=== ASSIGNMENT ===
Could you repeat the entries below exactly, but only from the line with "New 2026 Ford" through the line with "Alex Russell Instagram", and without any picture?

=== DATA FOR REVIEW ===

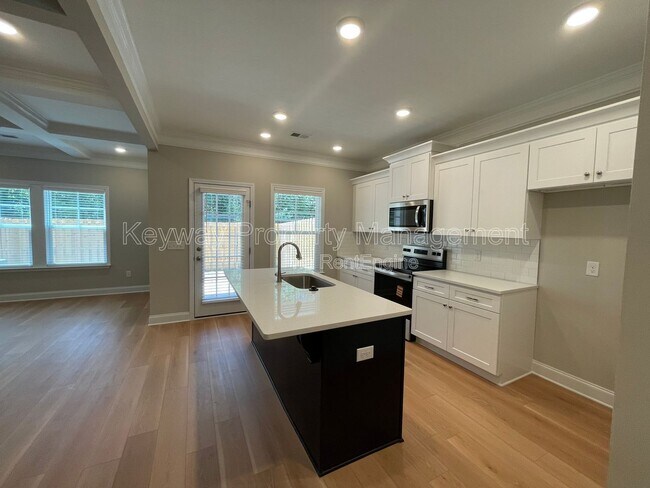 Building Photo - 3119 Venetian Dr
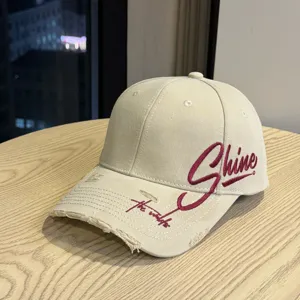 Beige distressed Baseballkappe für Damen, stilvolles gesticktes Design, gebogene Schirmmütze.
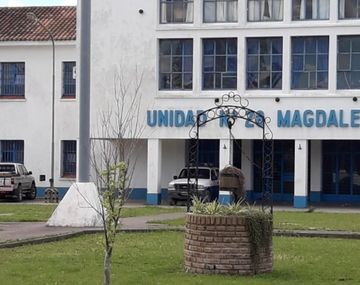 El preso de 40 años está internado en terapia intensiva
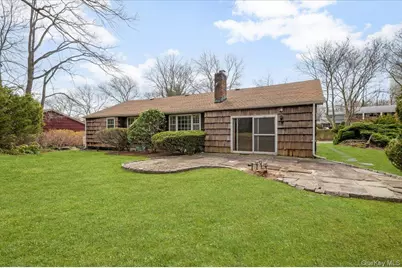 8 Skyline Drive, Huntington, NY 11743 - Photo 20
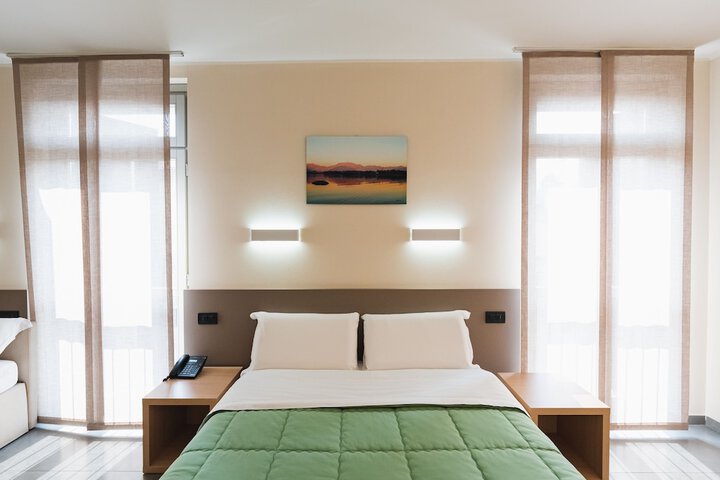 Room 16 of 49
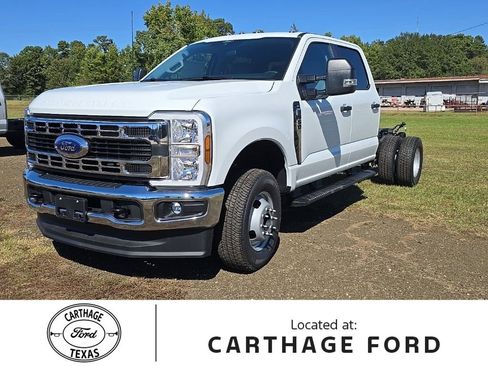 New 2026 Ford F350 XL w/ XL Chrome Package image 1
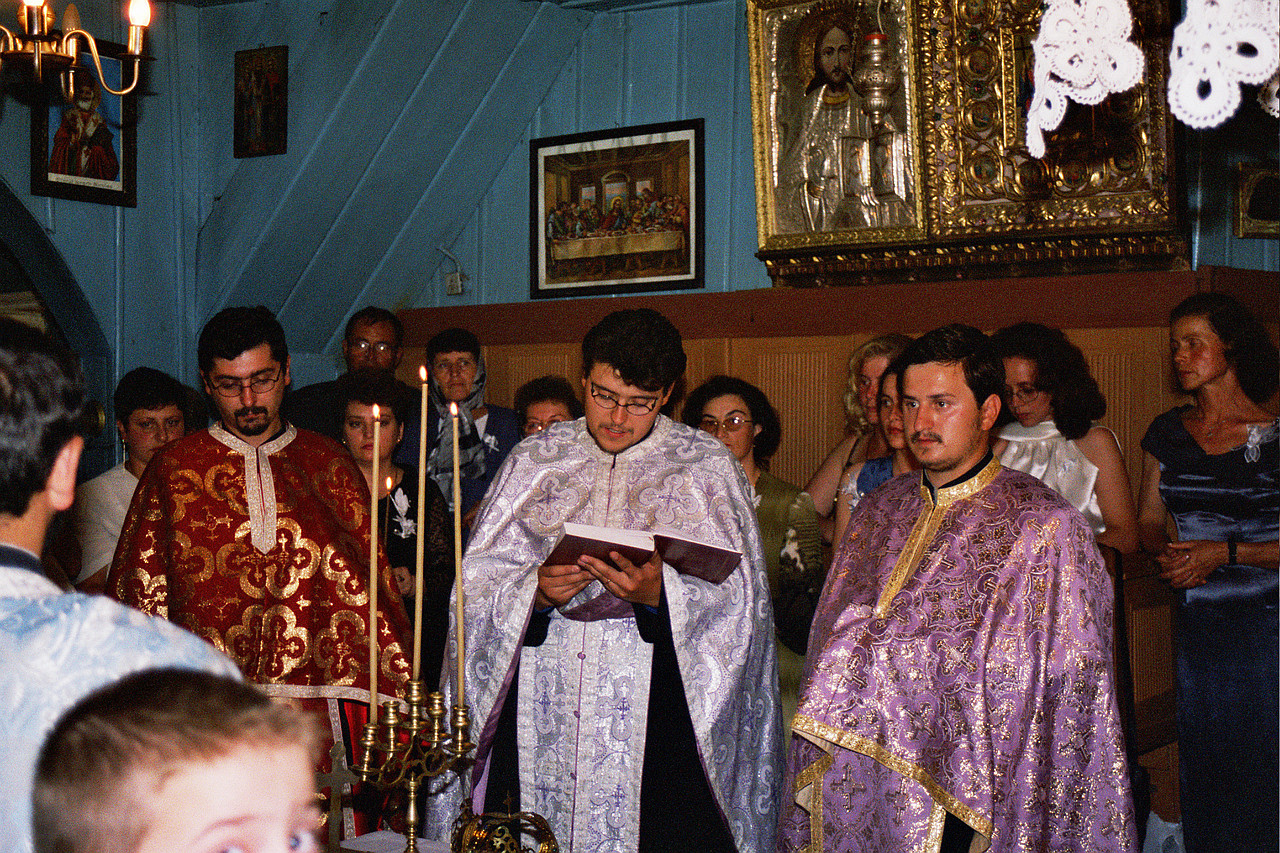 &copy; <a href='http://rtol.de' title='Dynamische Webseiten mit (X)HTML, PHP, MySQL und CSS für Ihren Internet-Auftritt' target='_blank'>Thiel-IT</a>
Orthodoxe Hochzeit
August 2002
Rumänienfotos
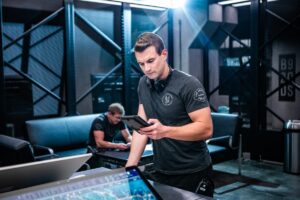 Alex Russell Instagram - ALL NEW SWAT Friday 8/7c

Directed by yours truly! 
😀🎥🎬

=== TASK RESULT ===
 New 2026 Ford F350 XL w/ XL Chrome Package image 1
 &copy; <a href='http://rtol.de' title='Dynamische Webseiten mit (X)HTML, PHP, MySQL und CSS für Ihren Internet-Auftritt' target='_blank'>Thiel-IT</a>
Orthodoxe Hochzeit
August 2002
Rumänienfotos
 Alex Russell Instagram - ALL NEW SWAT Friday 8/7c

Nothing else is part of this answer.